I agree, I do think though that if you have a kid that is new to the sport and want to boost some confidence then these bikes are OK - if you never plan on climbing. By taking off the suspension fork, putting on a rigid fork and still coming in at almost 26 pounds is pretty big clue where the weight is coming from. The wheels.

I had a 27.5+ bike for a while and ended up thinking it was pretty average after all the hype. It seemed like too much of a balloon-y feeling I ended up liking the 2.6" tires better.

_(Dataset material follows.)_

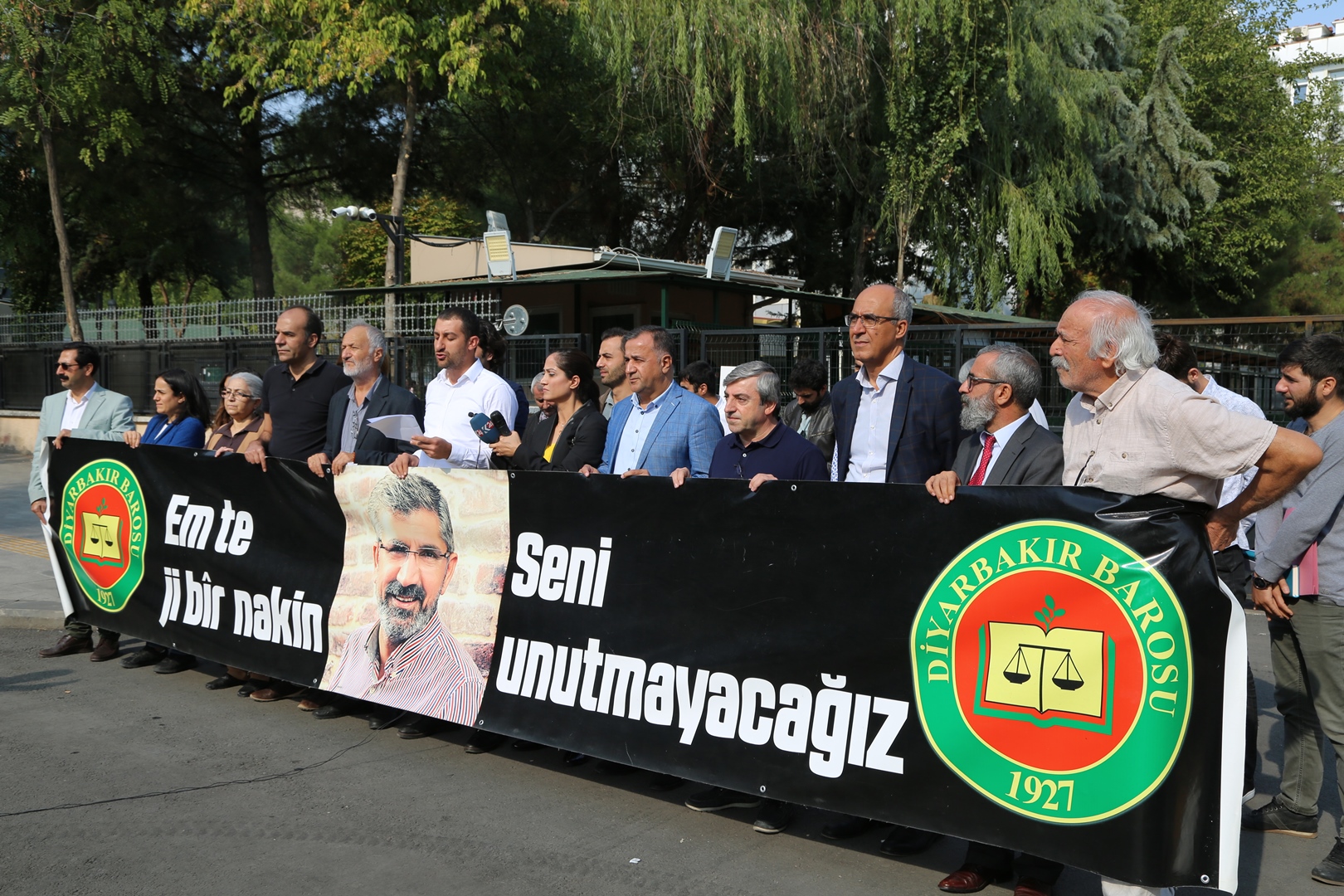 Baro Başkanımız Tahir ELÇİ'nin Katledilişinin 199. Haftası Anma Etkinliği Diyarbakır Adliyesi Önünde Gerçekleştirildi... — 2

Anyway, more options are a good thing as long as you realize there is little to zero upgrades available to reduce rolling mass for these kids plus right now.


----------



## mjbrox (Jan 6, 2005)

TwoTone said:


> As much as I spent trying to lose weight for my kids- I don't get the kid plus or fat unless you actually ride snow.


Am i wrong in thinking that plus size would give some of the advantage of suspension with out the sacrifice of adding a big heavy fork?


----------



## RMCDan (Feb 28, 2008)

mjbrox said:


> Am i wrong in thinking that plus size would give some of the advantage of suspension with out the sacrifice of adding a big heavy fork?


It's a bit of a zero sum game since the tires weigh more and have more drag. Also, the "suspension" fat tires provide has no rebound dampening. Open the rebound adjuster all the way up on your fork/shock and see how your bike rides....


----------